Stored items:
+++
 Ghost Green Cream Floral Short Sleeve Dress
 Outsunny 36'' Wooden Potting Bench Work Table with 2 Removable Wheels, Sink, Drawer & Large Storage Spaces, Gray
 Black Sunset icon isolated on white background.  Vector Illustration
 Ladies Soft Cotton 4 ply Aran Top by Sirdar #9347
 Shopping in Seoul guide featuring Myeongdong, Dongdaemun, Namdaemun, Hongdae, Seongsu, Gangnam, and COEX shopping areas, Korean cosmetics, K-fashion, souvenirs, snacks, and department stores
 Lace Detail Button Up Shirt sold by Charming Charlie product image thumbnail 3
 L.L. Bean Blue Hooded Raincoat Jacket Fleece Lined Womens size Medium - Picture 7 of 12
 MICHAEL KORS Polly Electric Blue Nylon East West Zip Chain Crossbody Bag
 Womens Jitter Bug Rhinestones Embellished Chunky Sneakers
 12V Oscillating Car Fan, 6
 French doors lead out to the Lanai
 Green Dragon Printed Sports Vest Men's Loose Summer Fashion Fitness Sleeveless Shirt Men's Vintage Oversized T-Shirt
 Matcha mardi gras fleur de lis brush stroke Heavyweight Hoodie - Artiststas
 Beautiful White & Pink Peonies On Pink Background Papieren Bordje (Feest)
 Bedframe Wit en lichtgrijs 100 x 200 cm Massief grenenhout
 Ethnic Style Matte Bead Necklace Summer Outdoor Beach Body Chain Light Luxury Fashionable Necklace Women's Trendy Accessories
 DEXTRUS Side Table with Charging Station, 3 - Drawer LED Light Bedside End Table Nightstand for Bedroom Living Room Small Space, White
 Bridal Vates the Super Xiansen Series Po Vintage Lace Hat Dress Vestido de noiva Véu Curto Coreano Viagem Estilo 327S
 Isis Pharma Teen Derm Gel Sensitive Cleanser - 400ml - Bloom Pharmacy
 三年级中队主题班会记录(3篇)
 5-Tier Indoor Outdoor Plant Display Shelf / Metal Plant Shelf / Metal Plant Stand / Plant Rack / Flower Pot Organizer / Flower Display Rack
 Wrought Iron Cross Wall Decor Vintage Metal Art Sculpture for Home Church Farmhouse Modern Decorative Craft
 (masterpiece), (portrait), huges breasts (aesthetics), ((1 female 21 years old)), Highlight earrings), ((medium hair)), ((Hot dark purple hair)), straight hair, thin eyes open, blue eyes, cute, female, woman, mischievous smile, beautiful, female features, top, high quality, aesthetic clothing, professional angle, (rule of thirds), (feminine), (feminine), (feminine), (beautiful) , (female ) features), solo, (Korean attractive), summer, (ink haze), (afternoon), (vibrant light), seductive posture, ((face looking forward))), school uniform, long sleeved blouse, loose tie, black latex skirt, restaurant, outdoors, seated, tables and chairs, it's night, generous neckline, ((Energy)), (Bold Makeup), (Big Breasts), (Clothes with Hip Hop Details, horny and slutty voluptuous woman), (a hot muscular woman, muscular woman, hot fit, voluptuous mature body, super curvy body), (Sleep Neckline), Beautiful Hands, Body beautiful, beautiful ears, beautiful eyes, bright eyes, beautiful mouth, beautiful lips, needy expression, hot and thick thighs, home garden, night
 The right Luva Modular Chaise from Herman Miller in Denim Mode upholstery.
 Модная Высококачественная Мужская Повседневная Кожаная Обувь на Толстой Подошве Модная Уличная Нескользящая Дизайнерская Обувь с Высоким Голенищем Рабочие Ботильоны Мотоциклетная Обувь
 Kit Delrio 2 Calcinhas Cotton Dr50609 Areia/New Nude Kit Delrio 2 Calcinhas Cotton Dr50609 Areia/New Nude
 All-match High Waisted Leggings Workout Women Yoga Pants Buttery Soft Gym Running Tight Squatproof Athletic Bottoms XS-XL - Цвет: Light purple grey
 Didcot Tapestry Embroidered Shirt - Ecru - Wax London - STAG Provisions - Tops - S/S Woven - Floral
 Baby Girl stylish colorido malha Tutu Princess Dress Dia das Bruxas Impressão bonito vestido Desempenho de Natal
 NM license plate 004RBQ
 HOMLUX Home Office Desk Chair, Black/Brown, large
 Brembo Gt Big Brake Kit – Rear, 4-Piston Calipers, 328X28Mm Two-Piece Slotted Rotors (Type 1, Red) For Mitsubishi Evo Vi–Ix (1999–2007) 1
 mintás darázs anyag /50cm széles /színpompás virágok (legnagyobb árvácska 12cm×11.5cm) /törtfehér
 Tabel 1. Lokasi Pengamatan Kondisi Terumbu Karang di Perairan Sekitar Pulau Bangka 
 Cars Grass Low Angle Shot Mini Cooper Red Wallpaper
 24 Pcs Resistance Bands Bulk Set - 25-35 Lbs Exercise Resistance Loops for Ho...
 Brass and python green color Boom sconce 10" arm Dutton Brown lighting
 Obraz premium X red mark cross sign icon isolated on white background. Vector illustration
+++
Restate word for word the entries above, starting at the line with "Wrought Iron Cross" and ending at the line with "All-match High Waisted", inclusive, and no others.

#### [TASK SOLUTION]
 Wrought Iron Cross Wall Decor Vintage Metal Art Sculpture for Home Church Farmhouse Modern Decorative Craft
 (masterpiece), (portrait), huges breasts (aesthetics), ((1 female 21 years old)), Highlight earrings), ((medium hair)), ((Hot dark purple hair)), straight hair, thin eyes open, blue eyes, cute, female, woman, mischievous smile, beautiful, female features, top, high quality, aesthetic clothing, professional angle, (rule of thirds), (feminine), (feminine), (feminine), (beautiful) , (female ) features), solo, (Korean attractive), summer, (ink haze), (afternoon), (vibrant light), seductive posture, ((face looking forward))), school uniform, long sleeved blouse, loose tie, black latex skirt, restaurant, outdoors, seated, tables and chairs, it's night, generous neckline, ((Energy)), (Bold Makeup), (Big Breasts), (Clothes with Hip Hop Details, horny and slutty voluptuous woman), (a hot muscular woman, muscular woman, hot fit, voluptuous mature body, super curvy body), (Sleep Neckline), Beautiful Hands, Body beautiful, beautiful ears, beautiful eyes, bright eyes, beautiful mouth, beautiful lips, needy expression, hot and thick thighs, home garden, night
 The right Luva Modular Chaise from Herman Miller in Denim Mode upholstery.
 Модная Высококачественная Мужская Повседневная Кожаная Обувь на Толстой Подошве Модная Уличная Нескользящая Дизайнерская Обувь с Высоким Голенищем Рабочие Ботильоны Мотоциклетная Обувь
 Kit Delrio 2 Calcinhas Cotton Dr50609 Areia/New Nude Kit Delrio 2 Calcinhas Cotton Dr50609 Areia/New Nude
 All-match High Waisted Leggings Workout Women Yoga Pants Buttery Soft Gym Running Tight Squatproof Athletic Bottoms XS-XL - Цвет: Light purple grey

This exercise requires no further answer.